De acordo com a sondagem ICS/ISCTE sobre o populismo, analisada neste texto publicado no Expresso por Pedro Magalhães, e que serviu de ponto de partida para este artigo, o eleitorado português não tem uma predisposição menor do que outros para aderir a ideários populistas. Eis alguns dos dados que apontam neste sentido: 86% dos inquiridos concordam com a ideia de que os políticos falam muito e fazem pouco; 73% concordam ou concordam totalmente com a ideia de que existe uma divisão profunda entre o povo e a elite; já 58% dizem que, em política, chegar a compromissos significa abdicar de princípios — o que demonstra bem uma certa valorização do antagonismo e do confronto, em detrimento do compromisso e da cedência, indispensáveis para uma democracia sã. Dados como estes acabam por fazer cair o mito da singularidade do povo dos “brandos costumes”, que já era em si historicamente infundado.

Isto significa que não existe um desdém generalizado que impeça a ascensão de partidos populistas. Antes pelo contrário, assim os dados da sondagem nos mostram, existe receptividade a esse tipo de argumentário. O problema (um bom problema, diga-se) está na fraca qualidade das interpelações. As figuras que, em Portugal, mais facilmente podemos qualificar como populistas, ou são claramente impreparadas e desarticuladas e normalmente oriundas de partidos irrelevantes, ou, ainda que articuladas, não conseguem construir um discurso global que não seja dedicado apenas a assuntos específicos.

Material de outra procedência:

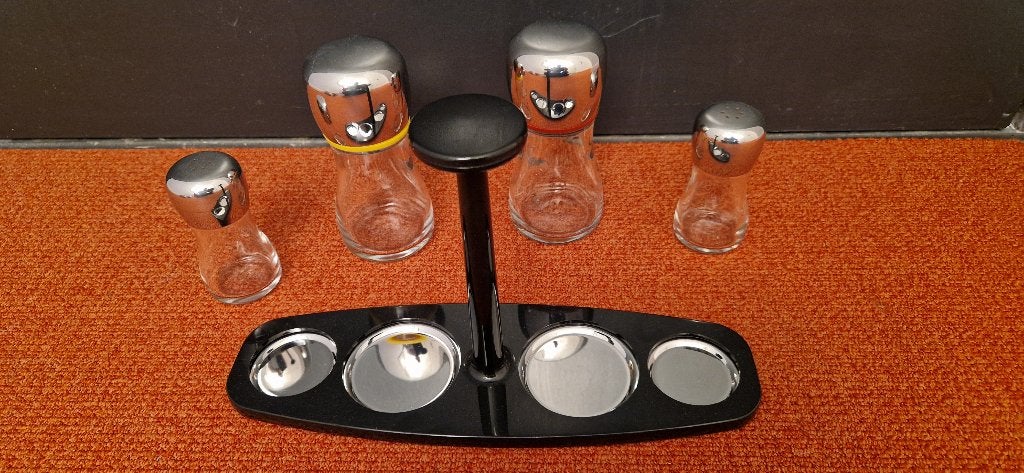 Alessi – Marc Newson – Olie-, azijn-, peper- en zoutset, Ophalen of Verzenden, Zo goed als nieuw, Alessi, Meerkleurig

Em princípio, podemos também apontar a falta de assuntos que constituam uma oportunidade para abordagens populistas. Fruto da nossa localização geográfica, os grandes problemas que afectam a Europa, como a (des)integração de migrantes que conduz a um tecido social cada vez mais fragmentado e polarizado ou os atentados sistemáticos ao Estado de Direito, não são sentidos por cá. Contudo, não nos podemos esquecer da corrupção e do potencial populista que ela tem.

Com razão ou sem ela, a ideia que passa é que Portugal é um país minado pela corrupção, seja nas altas esferas de decisão, seja através do pequeno favor que garante o acesso ao emprego ou ao subsídio. Digo com razão, ou sem ela, porque se é verdade que os casos de corrupção que têm vindo a público não podem ser normalizados, até pelas figuras que envolvem, também não devemos entrar numa insustentável caça às bruxas que dissemine a ideia de que a corrupção se sobrepõe sempre ao mérito. E que quem chega a lugares de topo o consegue apenas por vias travessas.

Um comportamento deste género, quase persecutório das elites, apenas afastará os melhores da vida pública e, ainda pior do que isso, aprofundará a sensação de barreira intransponível entre nós e as elites. Entre nós, o povo trabalhador, e eles, a elite corrupta. E isso é tudo o que os populistas querem.